- **Brief**
Return the records exactly, keeping every line as it is.

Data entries
┄┄┄┄┄┄┄┄┄┄┄┄┄┄┄┄┄┄┄┄

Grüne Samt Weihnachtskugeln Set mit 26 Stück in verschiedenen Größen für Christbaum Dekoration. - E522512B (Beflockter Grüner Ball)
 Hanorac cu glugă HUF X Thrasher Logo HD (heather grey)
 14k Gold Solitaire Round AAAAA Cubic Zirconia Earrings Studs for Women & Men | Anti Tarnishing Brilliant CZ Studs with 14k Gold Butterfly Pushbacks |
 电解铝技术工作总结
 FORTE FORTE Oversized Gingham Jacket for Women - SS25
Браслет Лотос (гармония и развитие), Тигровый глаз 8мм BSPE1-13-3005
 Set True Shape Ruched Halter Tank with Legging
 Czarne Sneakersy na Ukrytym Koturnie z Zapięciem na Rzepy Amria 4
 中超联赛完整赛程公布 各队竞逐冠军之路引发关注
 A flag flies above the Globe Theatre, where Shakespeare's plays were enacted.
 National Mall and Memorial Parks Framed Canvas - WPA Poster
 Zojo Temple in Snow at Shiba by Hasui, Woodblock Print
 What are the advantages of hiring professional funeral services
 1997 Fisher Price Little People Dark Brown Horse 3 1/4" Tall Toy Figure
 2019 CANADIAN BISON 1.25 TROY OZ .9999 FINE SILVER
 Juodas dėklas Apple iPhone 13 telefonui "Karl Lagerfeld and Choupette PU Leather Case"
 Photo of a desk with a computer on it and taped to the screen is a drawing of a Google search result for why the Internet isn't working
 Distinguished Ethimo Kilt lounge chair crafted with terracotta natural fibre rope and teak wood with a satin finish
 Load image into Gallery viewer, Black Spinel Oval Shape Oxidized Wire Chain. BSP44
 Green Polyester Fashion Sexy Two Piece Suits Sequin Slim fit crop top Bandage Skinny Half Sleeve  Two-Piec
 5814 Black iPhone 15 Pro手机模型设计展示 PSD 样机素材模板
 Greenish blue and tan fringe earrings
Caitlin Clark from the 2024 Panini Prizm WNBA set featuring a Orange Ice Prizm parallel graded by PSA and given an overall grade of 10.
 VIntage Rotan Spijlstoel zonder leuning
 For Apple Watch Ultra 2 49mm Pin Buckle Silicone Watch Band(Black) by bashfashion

┄┄┄┄┄┄┄┄┄┄┄┄┄┄┄┄┄┄┄┄

- **Answer section**
Grüne Samt Weihnachtskugeln Set mit 26 Stück in verschiedenen Größen für Christbaum Dekoration. - E522512B (Beflockter Grüner Ball)
 Hanorac cu glugă HUF X Thrasher Logo HD (heather grey)
 14k Gold Solitaire Round AAAAA Cubic Zirconia Earrings Studs for Women & Men | Anti Tarnishing Brilliant CZ Studs with 14k Gold Butterfly Pushbacks |
 电解铝技术工作总结
 FORTE FORTE Oversized Gingham Jacket for Women - SS25
Браслет Лотос (гармония и развитие), Тигровый глаз 8мм BSPE1-13-3005
 Set True Shape Ruched Halter Tank with Legging
 Czarne Sneakersy na Ukrytym Koturnie z Zapięciem na Rzepy Amria 4
 中超联赛完整赛程公布 各队竞逐冠军之路引发关注
 A flag flies above the Globe Theatre, where Shakespeare's plays were enacted.
 National Mall and Memorial Parks Framed Canvas - WPA Poster
 Zojo Temple in Snow at Shiba by Hasui, Woodblock Print
 What are the advantages of hiring professional funeral services
 1997 Fisher Price Little People Dark Brown Horse 3 1/4" Tall Toy Figure
 2019 CANADIAN BISON 1.25 TROY OZ .9999 FINE SILVER
 Juodas dėklas Apple iPhone 13 telefonui "Karl Lagerfeld and Choupette PU Leather Case"
 Photo of a desk with a computer on it and taped to the screen is a drawing of a Google search result for why the Internet isn't working
 Distinguished Ethimo Kilt lounge chair crafted with terracotta natural fibre rope and teak wood with a satin finish
 Load image into Gallery viewer, Black Spinel Oval Shape Oxidized Wire Chain. BSP44
 Green Polyester Fashion Sexy Two Piece Suits Sequin Slim fit crop top Bandage Skinny Half Sleeve  Two-Piec
 5814 Black iPhone 15 Pro手机模型设计展示 PSD 样机素材模板
 Greenish blue and tan fringe earrings
Caitlin Clark from the 2024 Panini Prizm WNBA set featuring a Orange Ice Prizm parallel graded by PSA and given an overall grade of 10.
 VIntage Rotan Spijlstoel zonder leuning
 For Apple Watch Ultra 2 49mm Pin Buckle Silicone Watch Band(Black) by bashfashion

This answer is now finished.